While July's heat was good for sun-seekers and water lovers, it wasn't so great for the region's wheat crop, according to reports released by the United States Department of Agriculture and the North Dakota State University Extension Service over the last few weeks.
Durum wheat production was down 40 percent, and all other spring wheat was down about 8 percent, thanks to a hot, dry July that drastically reduced yields in most places, especially central and western North Dakota.
According to the USDA, durum wheat production is forecast at about 60.4 million bushels, down 40 percent from 2005. That's partly due to less acreage dedicated to durum, which is selling considerably lower than spring wheat on the market at under $4 per bushel.
Spring wheat, meanwhile, has hit big highs over the past four months, thanks to hot, dry weather across much of the breadbasket of the United States. Farmers with good crops are excited to hear about wheat selling locally at $4.75 to $4.95 per bushel, and prices up over the $5 range in the Minneapolis area.
The seasonal average for wheat will be about $3.70-$4.30 per bushel, up from $3.42 each of the last two years. That price includes durum.
Acreage was up in spring wheat more than 4 percent from last year.
Ending stocks of wheat are projected to be down about a quarter from a year ago, but still rolling in more than 400 million bushels. Some wet, cooler weather that hit at the end of July and in early August has helped those who haven't cut their wheat.
"We're going to see the crop size reduced as we go along thanks to the hot, dry weather, but it might not be as bad as some projected," George Flaskerud, crops economist at North Dakota State University Extension Service, said. "And the price increases may not be over, considering the weather forecast."
Futures were doing very well, as those planting winter wheat for next year were trading very high.
Those with solid crops will be able to cash in, as Dakota Ag Cooperative's West Fargo, Horace and Harwood sites were taking in truckloads all week long. Many farmers are looking at decent yields in some of the Cass County area thanks to timely rains, but July's heat did put a pinch on things and farmers won't likely see the record yields of 38 to 30 bushels per acre for durum they saw as recently as 2003.

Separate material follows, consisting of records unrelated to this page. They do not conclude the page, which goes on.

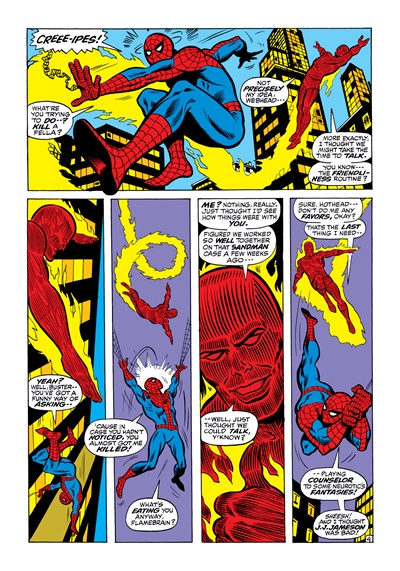 Page #4 from Marvel Team-Up (1972 series) #2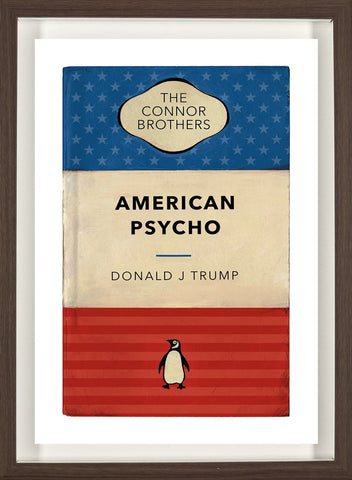 The Connor Brothers, American Psycho - Framed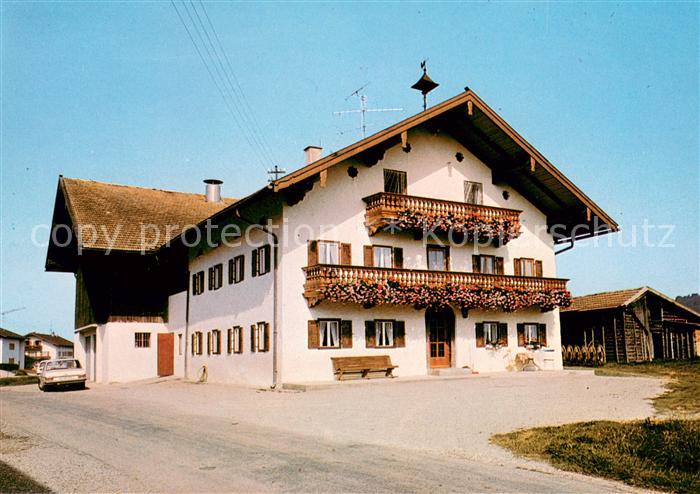 Molberting Traunstein Oberbayern Franz Hallweger Gaestehaus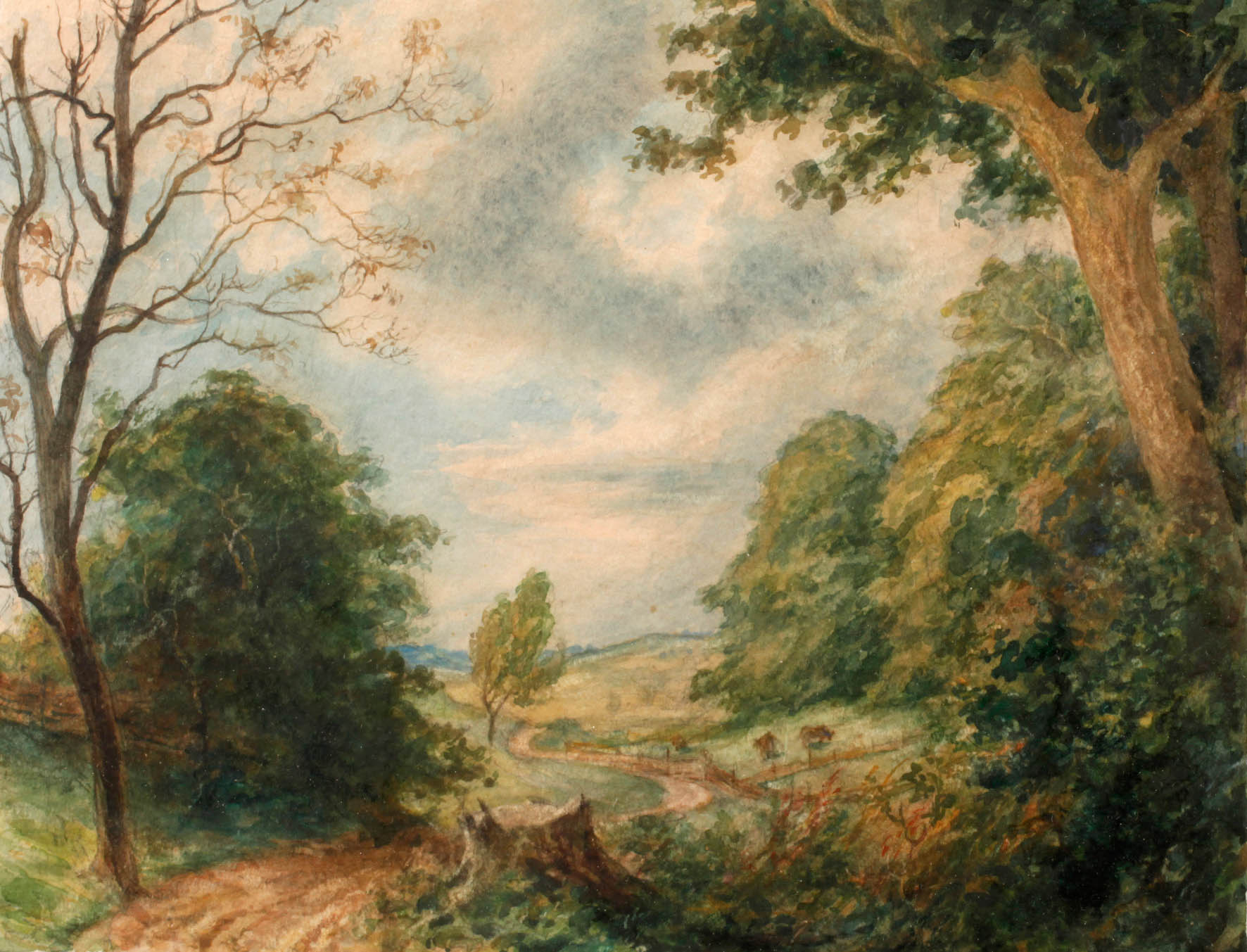 Erich Gruner, ”Sommerabend”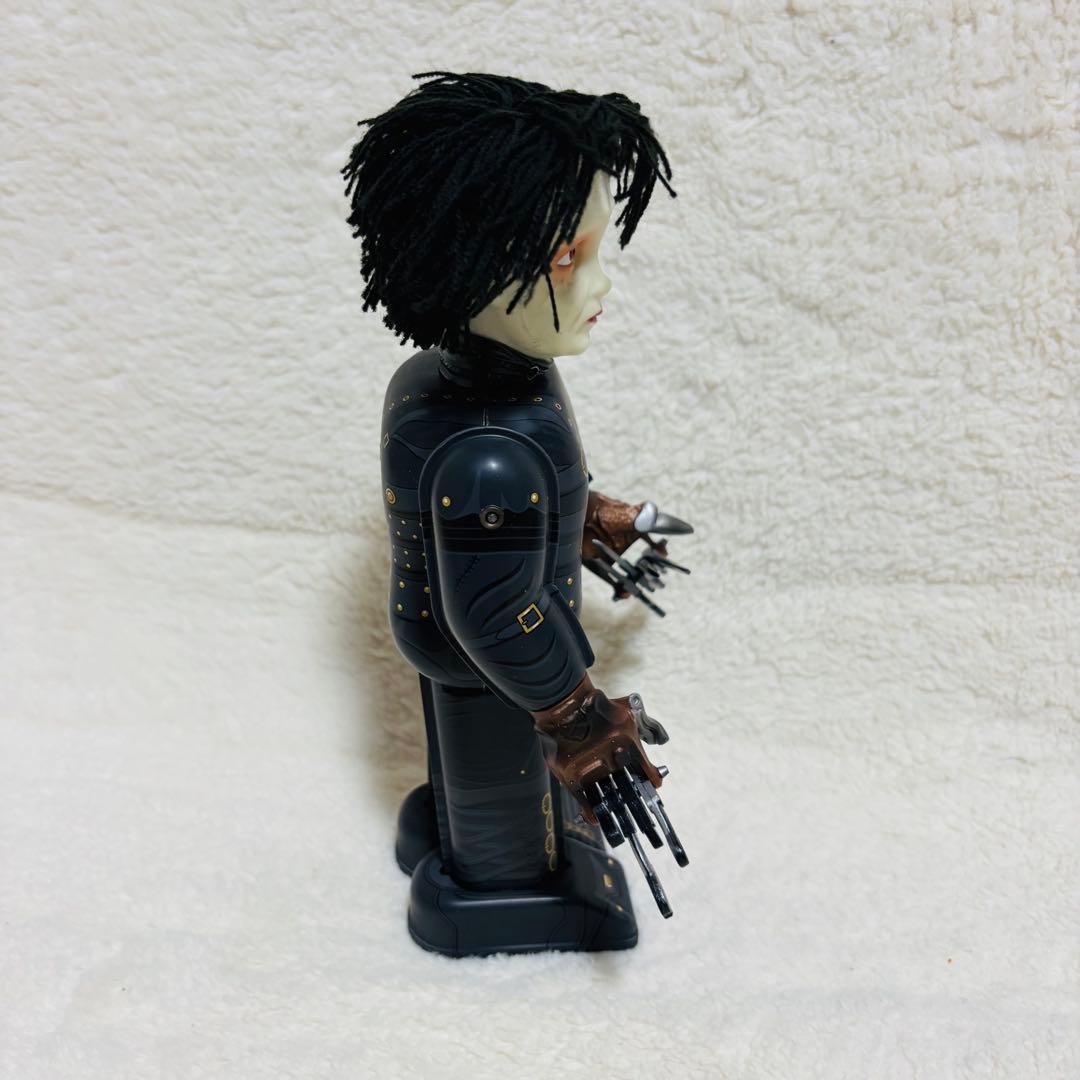 メディコム・トイ ノスタルジックフューチャー シザーハンズ エドワード ブリキ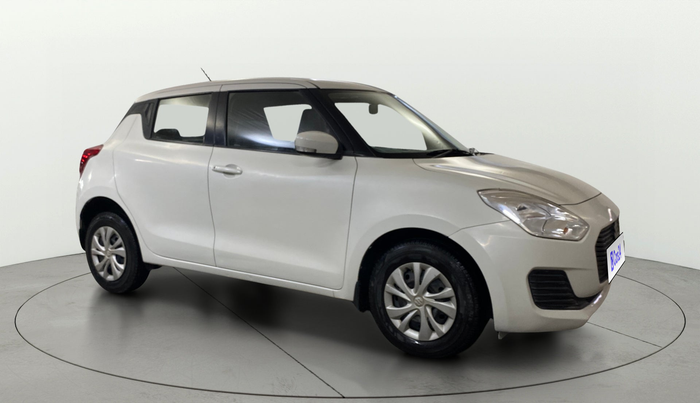 2019 Maruti Swift VXI, Petrol, Manual, 83,481 km, Right Front Diagonal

Durum took perhaps the biggest hit. In fact, the USDA is putting durum yields at about 33 bushels per acre, down more than four bushels from the 2005 growing season, which saw extremely wet conditions in the southern end of the Red River Valley wipe out some wheat fields in June. However, farmers who weren't wiped out by deluges were able to bring in huge harvests thanks to a relatively average summer.

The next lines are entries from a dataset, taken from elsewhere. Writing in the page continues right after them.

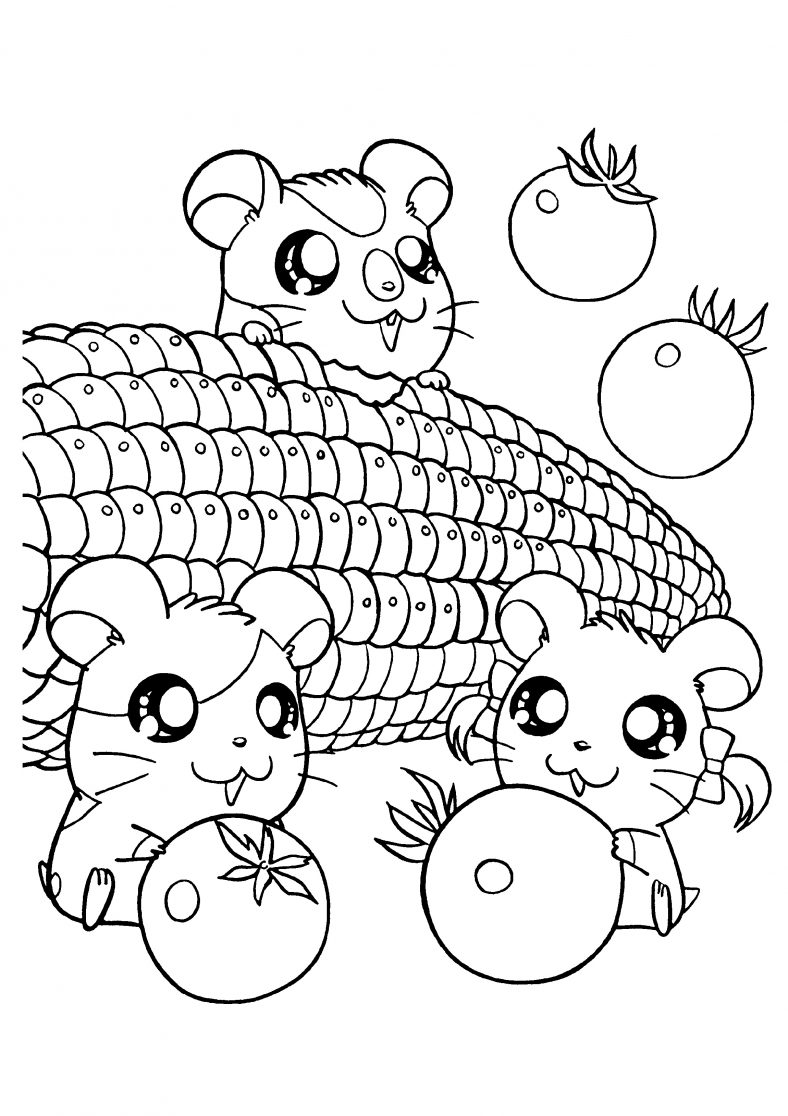 82 Cute Coloring Pages Printable 25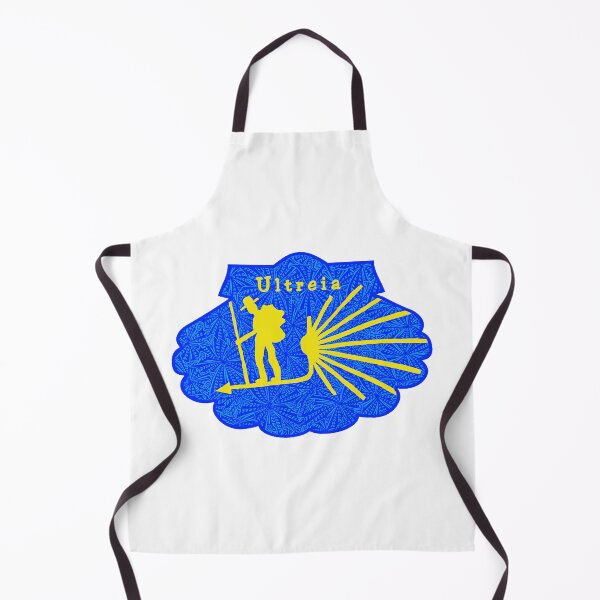 Item preview, Way of St. James pilgrims designed and sold by TanTrisTani.
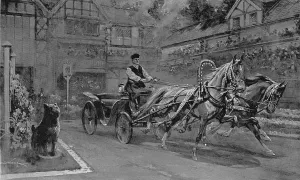 Driving Prints: Russian Carriage Driving at Olympia, London, 1911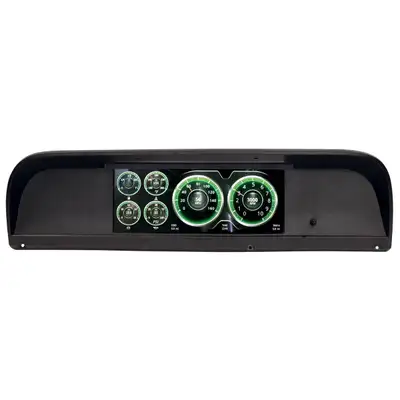AutoMeter Autometer Invision Lcd Dash Kit 67-72 Ford Truck Direct Fit Digital Dash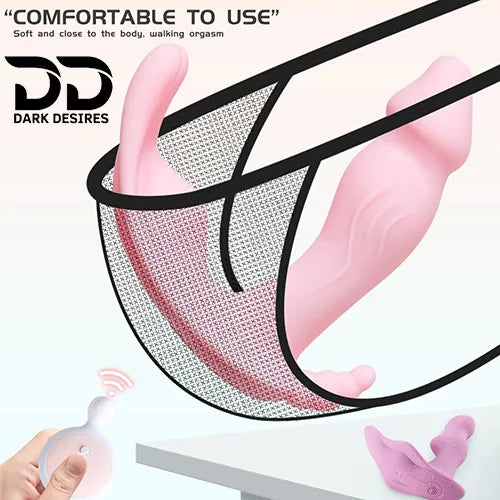 wearable remote control butterfly panty vibrator in India By Darkdesires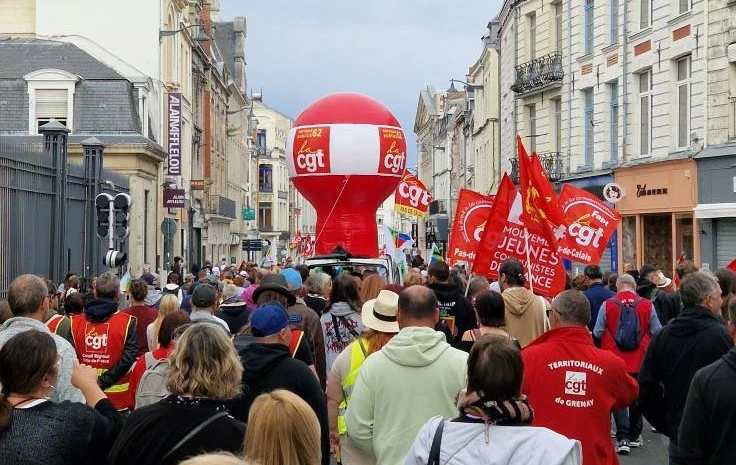 La CGT donne corps à la colère et catalyse une mobilisation syndicale offensive Luttes PCF CGT 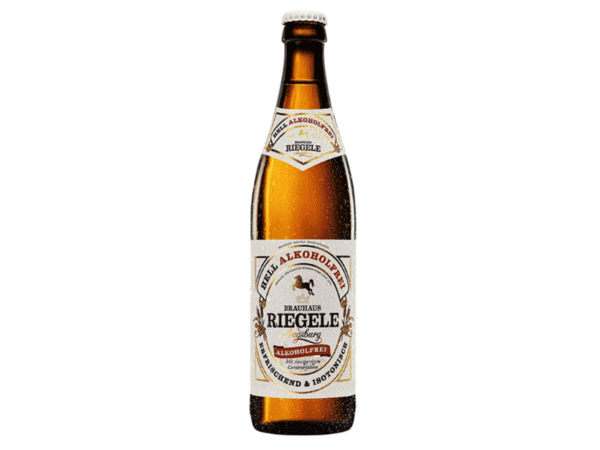 Riegele Hell Alkoholfri 50 cl. 20 stk.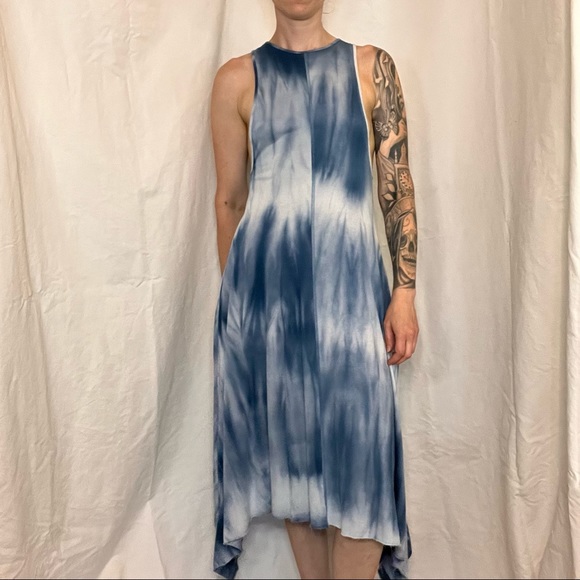 Tie died summer dress - Picture 4 of 5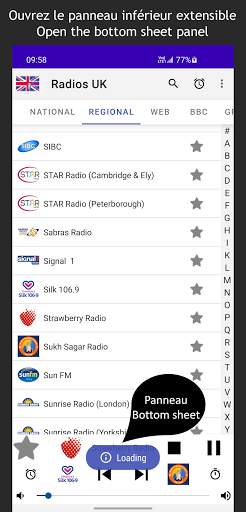 Radios UK screenshot 3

This summer, April's floods gave way to very dry months in June and July. That was primarily responsible for dropping yields by nearly 10 percent.
"If realized, this will be the lowest harvested area for durum since 1961 and the lowest production since 1988," the Ag Statistics Board reported last week.
Winter wheat production will top out at about 1.28 billion bushels, the report said, 15 percent below the harvest of 2005. Nationally, winter wheat yields look to be about 41.1 bushels per acre, down about three bushels from last year and way below records set in 2003 and 2004, where yields were up over 45. Spring wheat this year will bring in yields of 33 bushels per acre, down from about 37 last year.
Barley yields were also off, with yields reduced to about 63.4 bushels per acre. Prices were hovering near last year's average, with sales at $2.45 to $2.85 locally. That's near the price of $2.53 given last year.
Corn, seen as this area's contribution to the energy crisis, will have a huge year in terms of acres planted and price, up more than 30 cents from last year. However, much lower yields (dry weather) and more corn dedicated to feed will hurt the overall crop.